Linux Security
Capabilities, seccomp, AppArmor, SELinux, namespaces, file ACLs, audit, and PAM
Linux Security Layers (defence in depth) ┌──────────────────────────────────────────────────────┐ │ PAM — Authentication & session controls │ ├──────────────────────────────────────────────────────┤ │ DAC — File permissions, ACLs (uid/gid based) │ ├──────────────────────────────────────────────────────┤ │ Capabilities — Fine-grained root privilege split │ ├──────────────────────────────────────────────────────┤ │ seccomp — Syscall filtering (allow/deny list) │ ├──────────────────────────────────────────────────────┤ │ LSM — AppArmor / SELinux (Mandatory Access Control) │ ├──────────────────────────────────────────────────────┤ │ Namespaces — Isolation (PID, net, mount, user, …) │ ├──────────────────────────────────────────────────────┤ │ Audit — Record security-relevant kernel events │ └──────────────────────────────────────────────────────┘
CapabilitiesPrivileges

Linux capabilities split the monolithic root privilege into ~40 distinct units.

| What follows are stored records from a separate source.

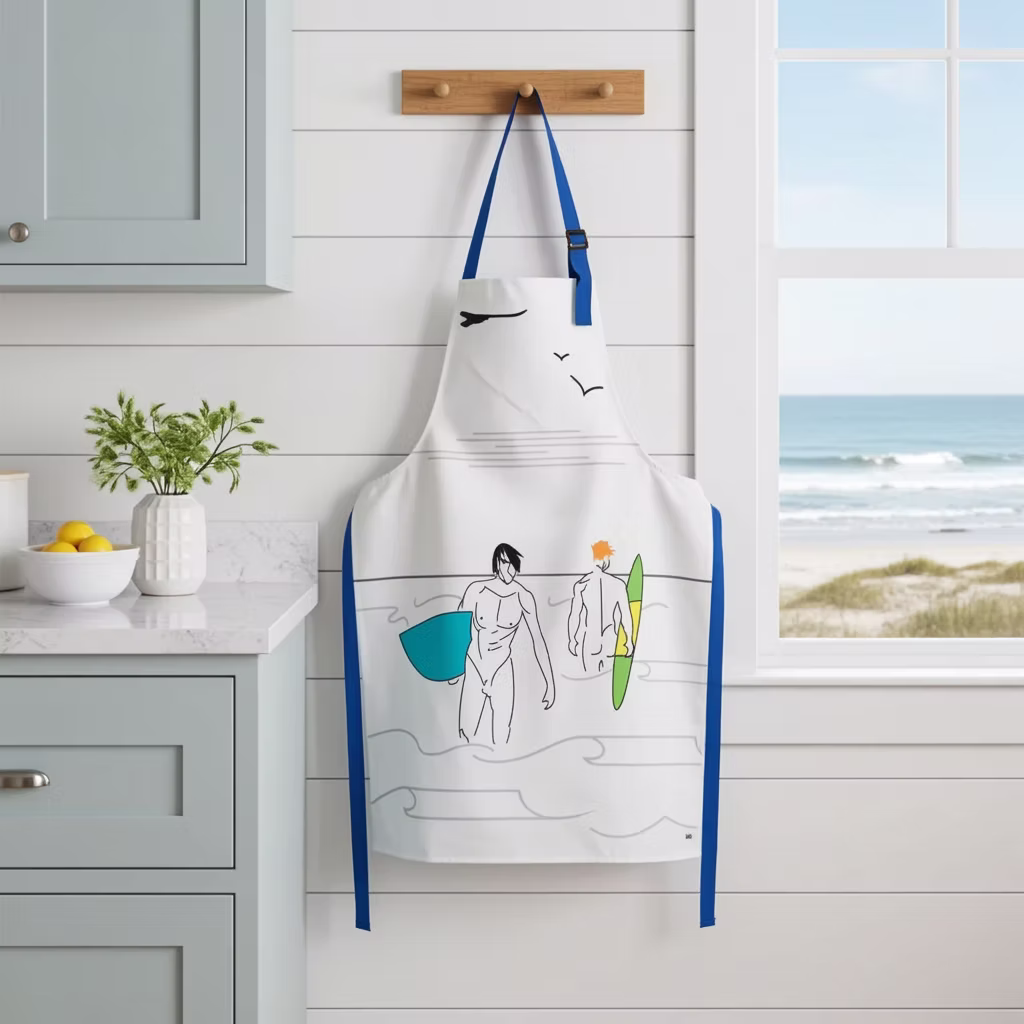 Budeful - Big Blue Apron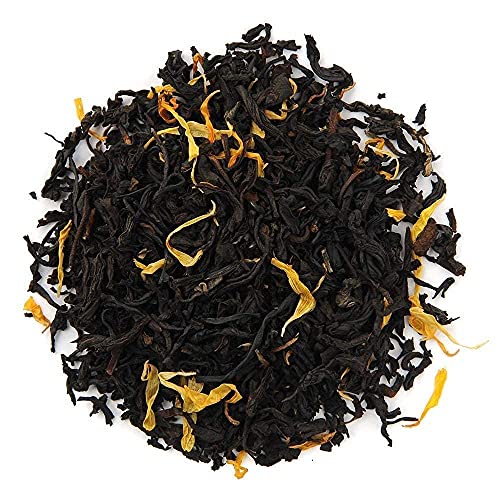 Image of Organic Positively Tea Company, Passion Fruit Black Tea, Loose Leaf, 4 Ounce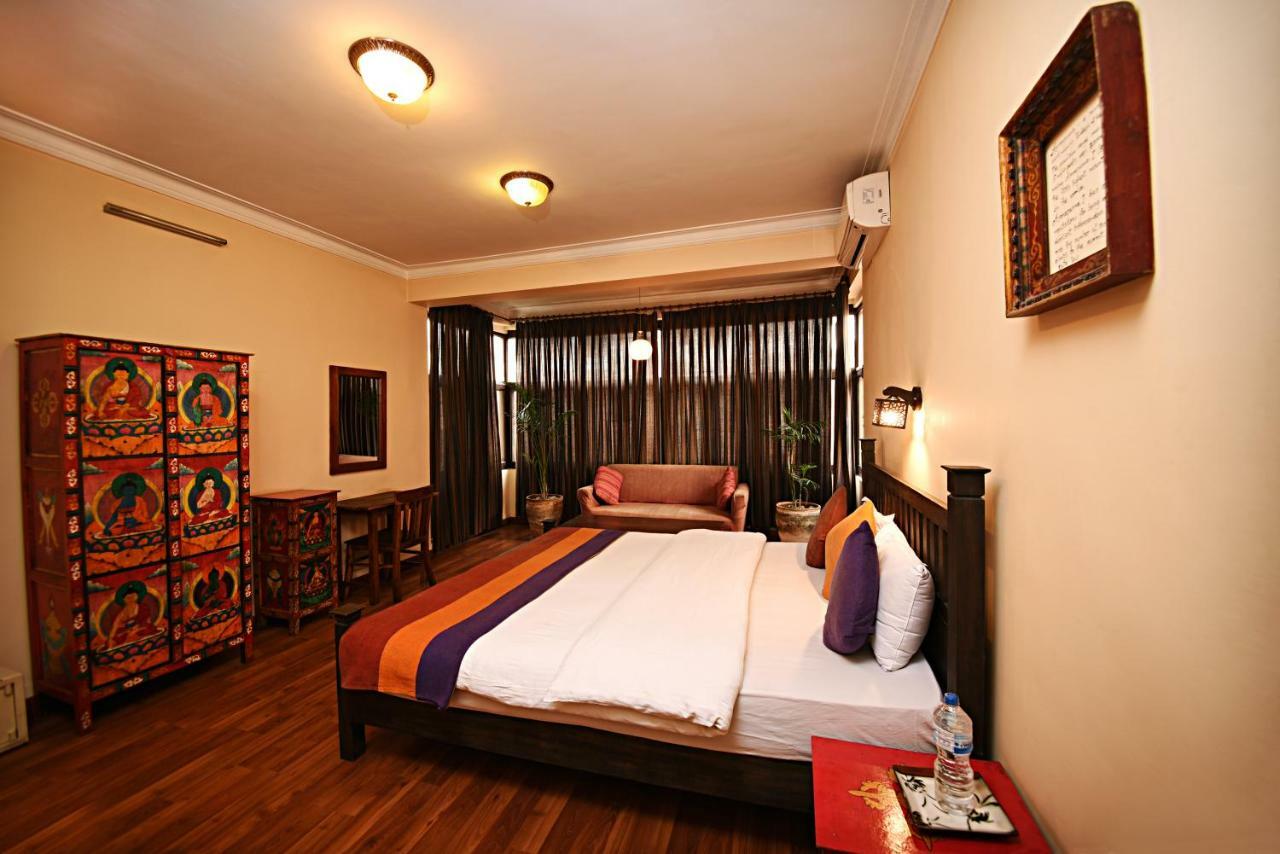 Hotel Mi Casa Kathmandu Exterior foto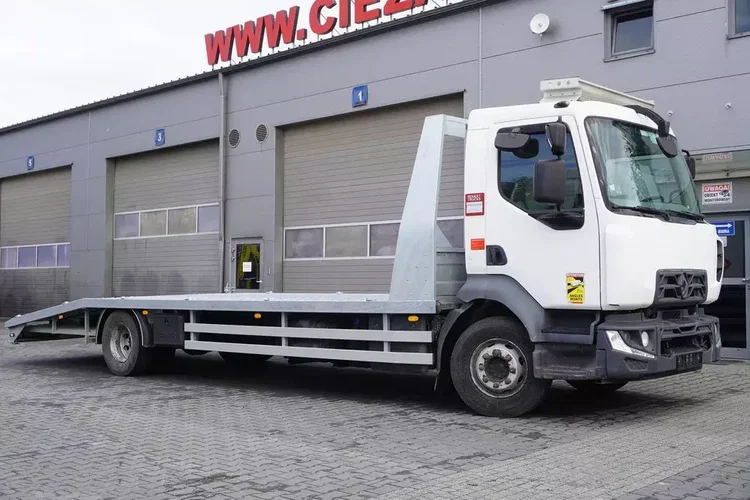 Renault D16 / NOWA Laweta 7.7 m / 170 tys. km zdjęcie 9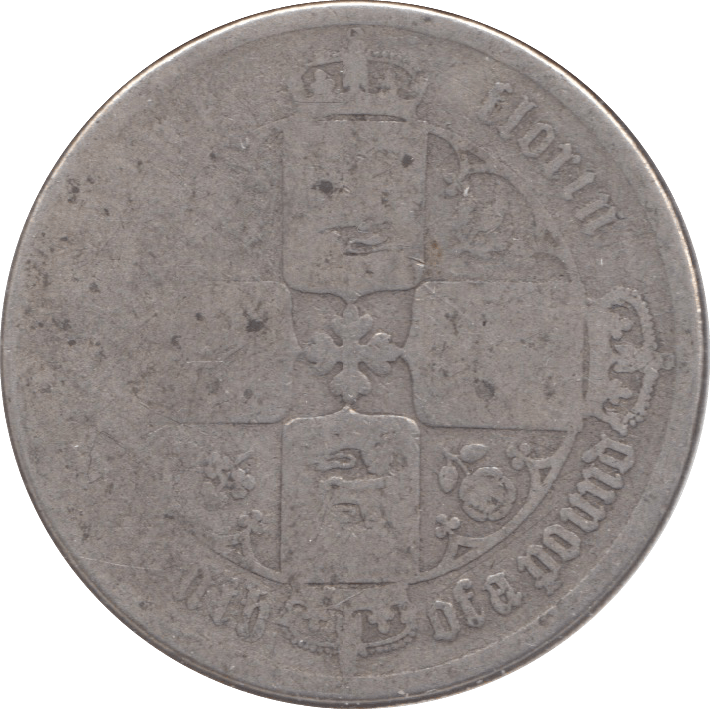 1857 FLORIN ( FAIR ) 3 - Florin - Cambridgeshire Coins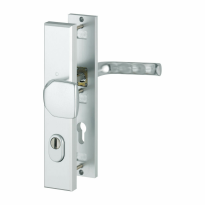 Hoppe London veiligheidsgarnituur met kerntrekbeveiliging SKG*** - greep/kruk PC85 - dd 52-57mm
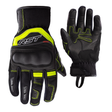RST Urban Air 3 Mesh CE Mens Motorcycle Gloves - Black & Yellow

A process only needs to hold the specific capabilities for what it's doing — reducing the blast radius of a compromise.

Key capabilities

CapabilityAllows
CAP_NET_BIND_SERVICEBind to ports below 1024 without being root
CAP_NET_RAWUse raw sockets (ping, tcpdump)
CAP_SYS_ADMINBroad: mount, namespaces, many kernel ops — avoid granting this
CAP_SYS_PTRACEptrace another process (debuggers, strace)
CAP_SETUID / CAP_SETGIDChange UID/GID arbitrarily
CAP_KILLSend signals to processes owned by other users
CAP_CHOWNChange file ownership arbitrarily
CAP_DAC_OVERRIDEBypass DAC file permission checks
Shell
# Show capabilities of current process
capsh --print

# Show capabilities of a running process
cat /proc/<pid>/status | grep Cap
capsh --decode=$(cat /proc/<pid>/status | grep CapEff | awk '{print $2}')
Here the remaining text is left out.